### Records provided
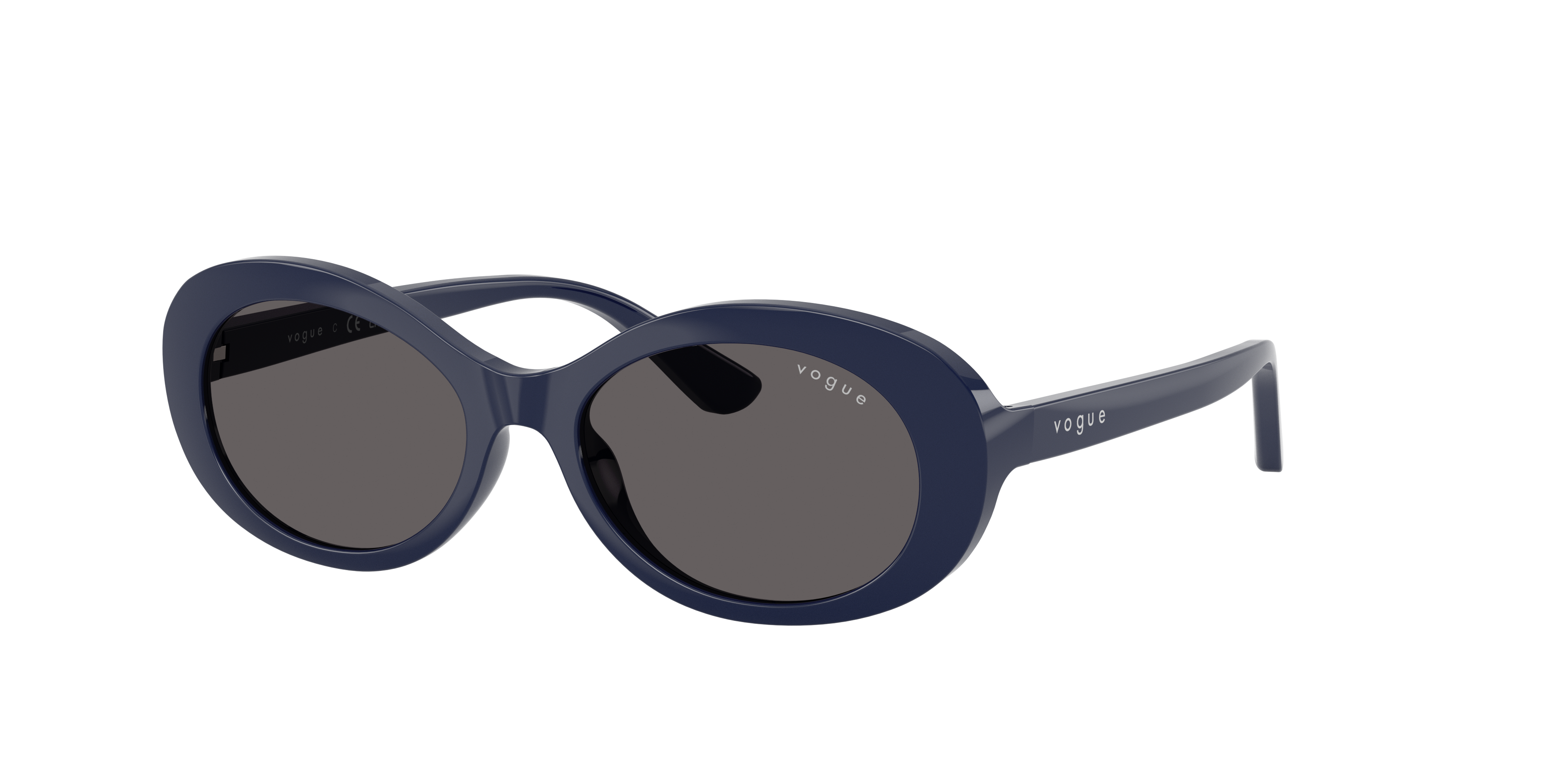Vogue Junior Sun VJ2032 228887
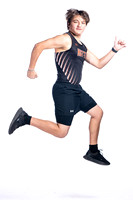 HUTTO_XC-(COLLIER)-13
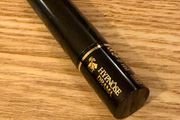 Lancome Hypnose Drama Mascara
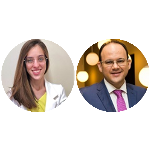 O direito à gratuidade de justiça nos três anos de reforma trabalhista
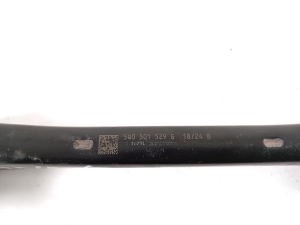 CUPRA Leon I (2020–2026) Rear axle link 5Q0501529G - 2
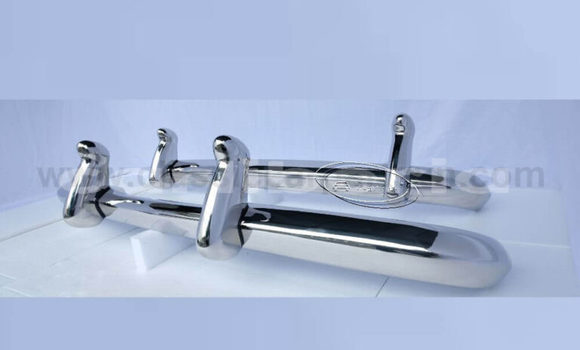 Buy New Bentley S Silver Car in Pleebo in Maryland County Buy New Bentley S Silver Car in Pleebo in Maryland County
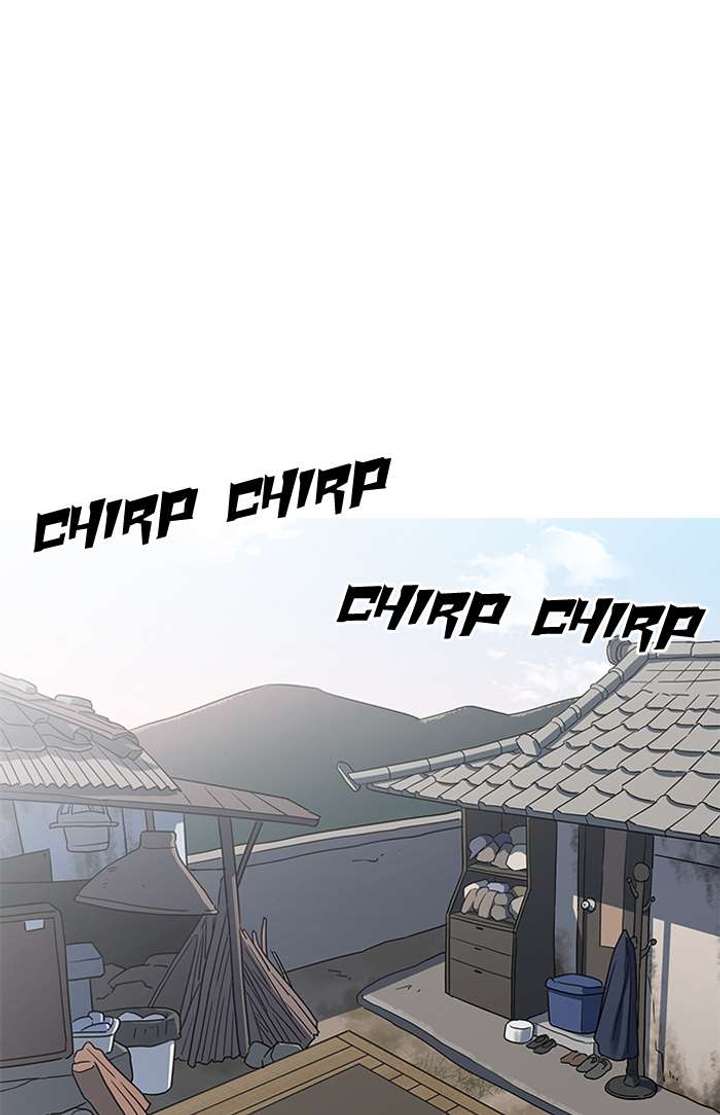 ch 154 65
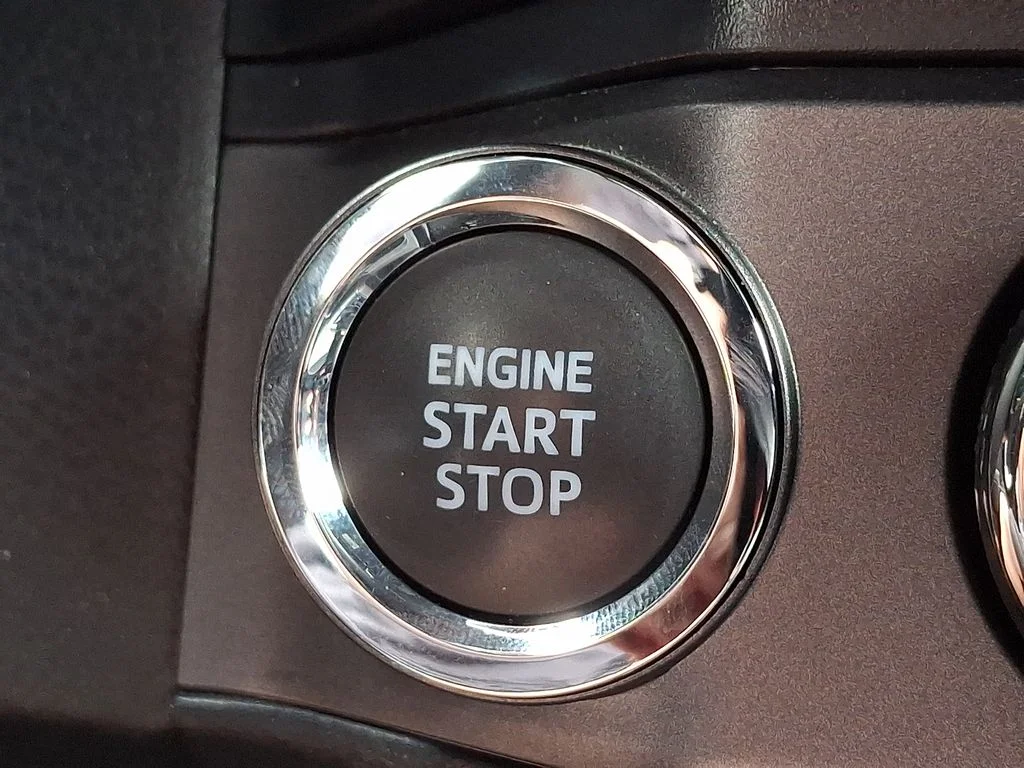Certified Used 2023 Silver Toyota TRD Off-Road image 23
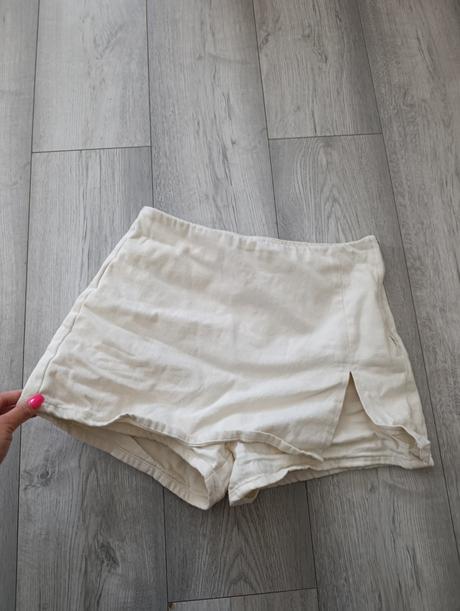Šortky, amisu,l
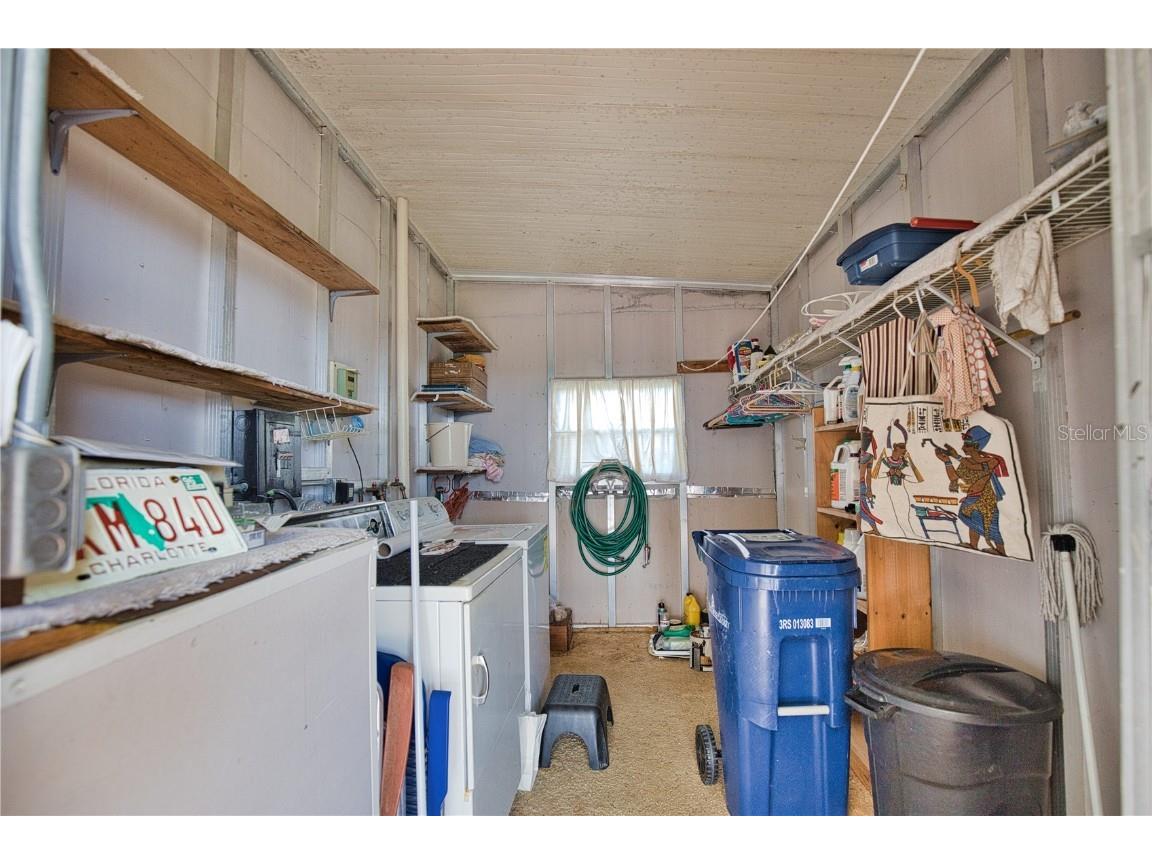 305 Las Maria North Port FL 34287 TB8303054 image11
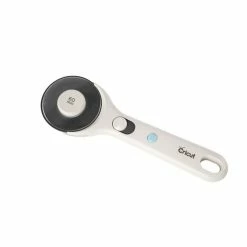 Cricut Rotary Cutter, 60 Mm -cricut shop unnamed file 1286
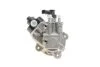 Насос паливного високого тиску VW Caddy III/IV 2.0 TDI 10-20 = 0445010565 (opt-om) BOSCH 0 445 010 566 (фото 4)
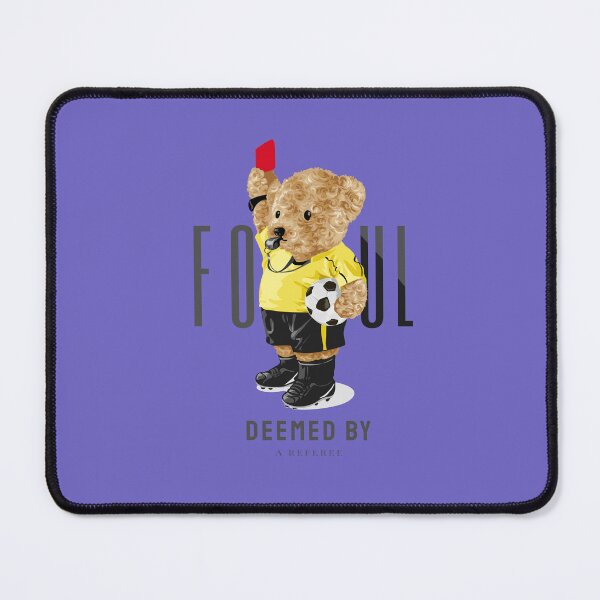 Item preview, Foul designed and sold by au5tin.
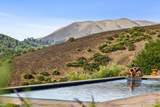 6381 Nicasio Valley Road - Photo 92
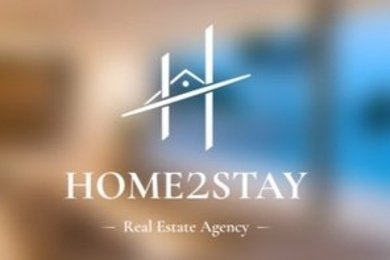 Интернет-магазин для агентства недвижимости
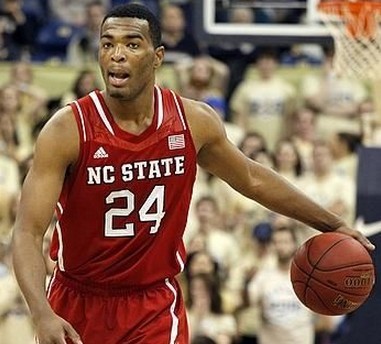 来的职业生 来的职业生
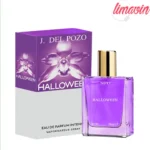 ادو پرفیوم زنانه نیفتی مدل هالووین خسوس دل پوزو حجم 50 میلی لیتر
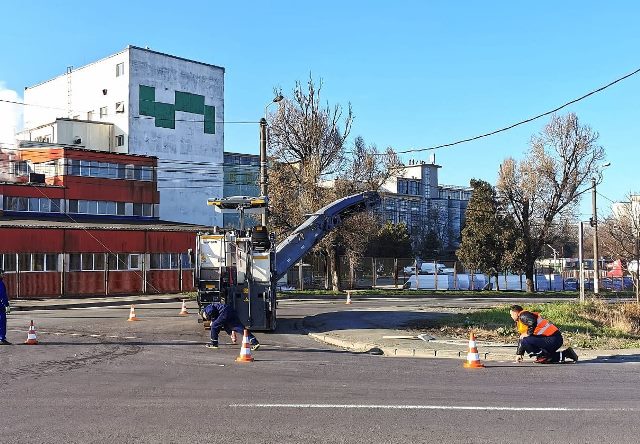 planul urbanistic zonal celulozei unde ar urma sa fie mutati locuitorii din henri coanda la stadiul obtinerii avizelor 670724504e85b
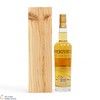 Clynelish - 20 Year Old 1983 Murray McDavid Thumbnail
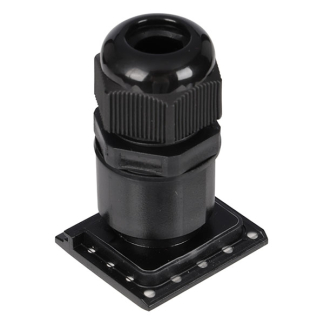 ION Industries Wartelinvoer | ION Industries (Zwart) 66.946.99 K180108124 - 4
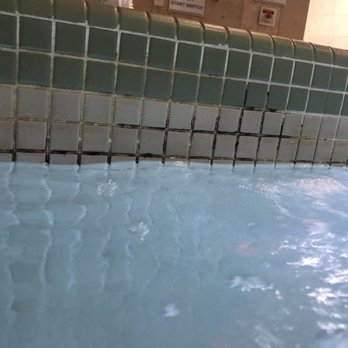 Life Time - scummy hot tub - Gyms Near Me - Rockville, Maryland Life Time - scummy hot tub - Gyms Near Me - Rockville, Maryland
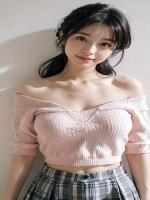 仕途金手：我能看见财富气运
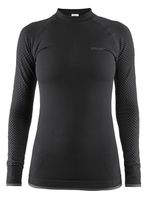 Craft Warm Intensity thermoshirt dames - thumbnail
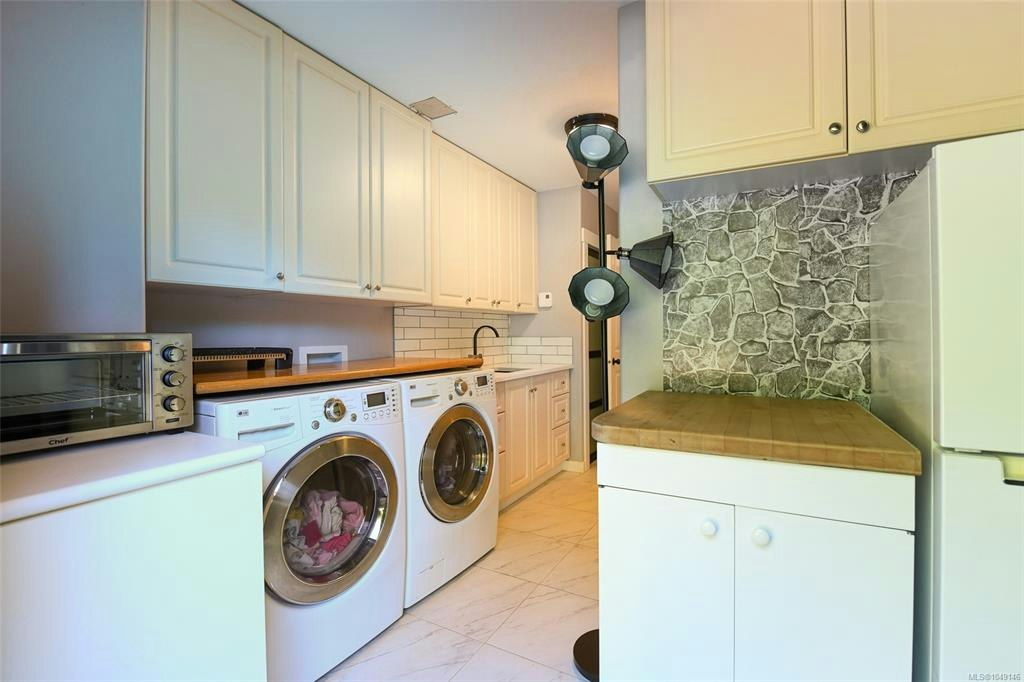 3550 Cumberland Road, Cumberland, BC, V0R 1S0 - 22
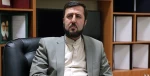Gharibabadi blasts Germany and Belgium over violation of Asadullah Asadi’s rights
 2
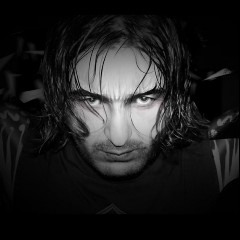 Nick Skitz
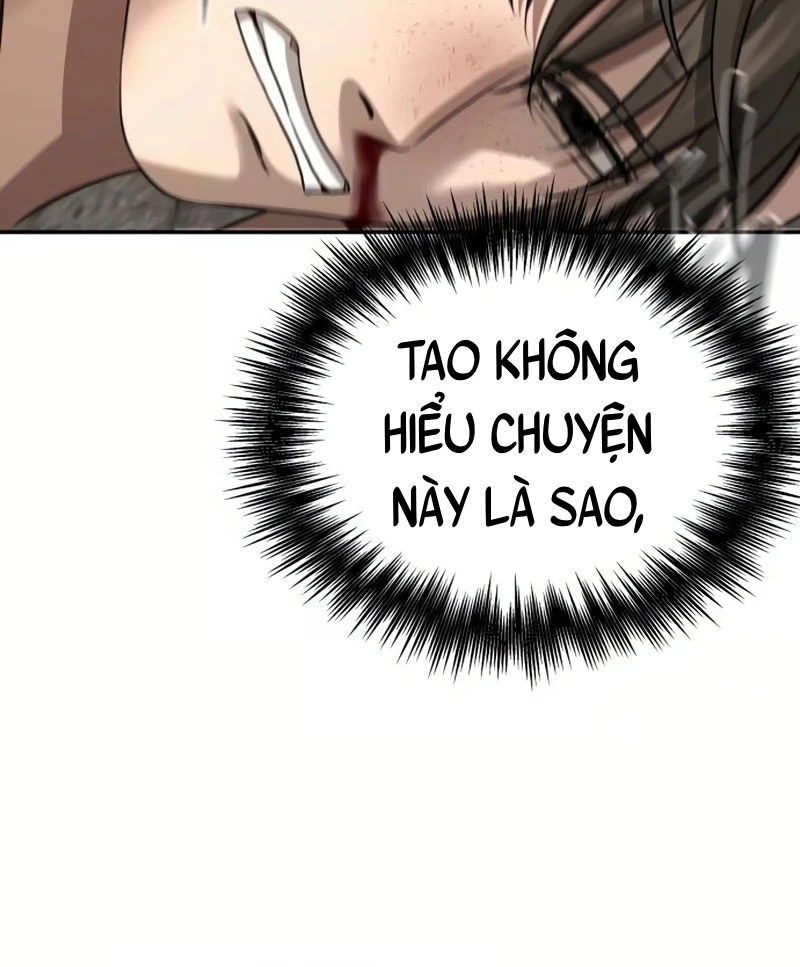 Chớ Bước Vào Nhà Hoang! Chapter 7 - Trang 49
######
● What this task involves: Retype precisely, and only, the lines from the one holding "Rockville, Maryland Life" through the final line of the data above, with the pictures omitted.

● Result below:
 Life Time - scummy hot tub - Gyms Near Me - Rockville, Maryland Life Time - scummy hot tub - Gyms Near Me - Rockville, Maryland
 仕途金手：我能看见财富气运
 Craft Warm Intensity thermoshirt dames - thumbnail
 3550 Cumberland Road, Cumberland, BC, V0R 1S0 - 22
Gharibabadi blasts Germany and Belgium over violation of Asadullah Asadi’s rights
 2
 Nick Skitz
 Chớ Bước Vào Nhà Hoang! Chapter 7 - Trang 49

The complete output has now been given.